There is no evidence to support stem cells being used as a preventative treatment for knee arthritis. Current literature on the use of stem cells only provides evidence for diseased joints. Given the fact that no therapy is without risks, it is not recommended that these therapies be used for prevention of joint degenerative disease.
Should I participate in a clinical trial on stem cell treatment?
Because of the relatively safe profile reported in previous studies, enrolling in a clinical trial could be a good option for you if you fit the inclusion and exclusion criteria for the study. All clinical trials have been screened by an institutional review board that protects patient rights and maximizes patient safety. Carefully read the informed consent form for potential advantages and complications, and make sure you ask all the questions you need answered before enrolling. Of note, you can leave the study at any point without any penalties.
We believe biological therapies will be increasingly used in the future not only in sports medicine and orthopedics but in medicine in general. Further clinical trials with long-term follow-up will help doctors determine how and when to use these therapies and if they are truly safe for patients suffering from arthritis. Several laboratories in the United States, including ours at the Steadman Clinic and the Steadman Philippon Research Institute, are working on biological replacements of joints (trying to regenerate cartilage, instead of using metals) after end-stage osteoarthritis, which could become the gold standard in the future.

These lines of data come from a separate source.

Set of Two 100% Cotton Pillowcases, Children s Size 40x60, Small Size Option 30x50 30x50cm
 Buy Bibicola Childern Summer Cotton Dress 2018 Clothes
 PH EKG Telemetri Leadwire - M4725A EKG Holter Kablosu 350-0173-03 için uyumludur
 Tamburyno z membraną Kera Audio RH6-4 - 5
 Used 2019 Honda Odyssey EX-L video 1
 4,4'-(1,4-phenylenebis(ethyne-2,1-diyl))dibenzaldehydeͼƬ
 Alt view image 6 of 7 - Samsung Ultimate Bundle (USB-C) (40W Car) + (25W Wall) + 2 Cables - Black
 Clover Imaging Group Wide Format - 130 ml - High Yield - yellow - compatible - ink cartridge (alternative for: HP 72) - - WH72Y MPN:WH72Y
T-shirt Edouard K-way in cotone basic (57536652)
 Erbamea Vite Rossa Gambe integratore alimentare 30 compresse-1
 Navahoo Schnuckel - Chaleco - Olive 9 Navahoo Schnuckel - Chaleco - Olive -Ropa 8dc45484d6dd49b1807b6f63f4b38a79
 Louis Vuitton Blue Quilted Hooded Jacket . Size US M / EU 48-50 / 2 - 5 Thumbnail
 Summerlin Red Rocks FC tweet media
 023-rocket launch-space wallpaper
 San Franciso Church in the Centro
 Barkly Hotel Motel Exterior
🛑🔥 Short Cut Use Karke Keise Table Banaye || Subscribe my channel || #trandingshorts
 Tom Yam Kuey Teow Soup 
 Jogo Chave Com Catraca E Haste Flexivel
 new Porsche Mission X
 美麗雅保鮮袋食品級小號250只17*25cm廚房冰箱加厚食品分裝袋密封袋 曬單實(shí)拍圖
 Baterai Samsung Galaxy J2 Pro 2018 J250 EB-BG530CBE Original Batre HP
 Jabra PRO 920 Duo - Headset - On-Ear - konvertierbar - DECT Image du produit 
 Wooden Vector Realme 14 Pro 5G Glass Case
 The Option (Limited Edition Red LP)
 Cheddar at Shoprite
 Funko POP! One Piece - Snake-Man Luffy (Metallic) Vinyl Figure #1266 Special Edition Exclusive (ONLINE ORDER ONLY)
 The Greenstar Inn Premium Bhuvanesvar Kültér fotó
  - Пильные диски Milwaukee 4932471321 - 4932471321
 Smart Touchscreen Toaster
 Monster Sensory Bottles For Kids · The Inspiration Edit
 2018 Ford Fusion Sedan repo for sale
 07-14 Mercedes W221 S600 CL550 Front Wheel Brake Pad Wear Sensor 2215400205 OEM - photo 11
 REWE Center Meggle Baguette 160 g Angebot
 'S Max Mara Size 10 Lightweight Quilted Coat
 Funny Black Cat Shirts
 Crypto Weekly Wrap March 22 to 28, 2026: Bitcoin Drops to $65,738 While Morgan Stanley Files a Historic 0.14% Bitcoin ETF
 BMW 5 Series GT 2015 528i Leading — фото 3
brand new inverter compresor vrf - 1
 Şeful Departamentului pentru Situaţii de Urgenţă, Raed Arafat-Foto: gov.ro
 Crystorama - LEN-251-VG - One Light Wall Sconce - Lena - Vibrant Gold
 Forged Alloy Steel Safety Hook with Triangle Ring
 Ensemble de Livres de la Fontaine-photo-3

The science on these treatments is constantly evolving. Significant changes for the most debated use of stem cells should be expected to occur in five to fifteen years. Their approval and widespread use could be accelerated.
How Much Do Injections Cost?
Prices vary by geographic region, as well as by the clinic performing the procedure. Steroid injections and hyaluronic acid injections for arthritis are almost always covered by insurance. If cortisone or gel injections are not covered by insurance, they can cost between $150 to $300 and $300 to $1,500, respectively. PRP injections cost approximately $1,500. The cost of bone marrow aspirate stem cell procedures varies from $2,000 to $5,000.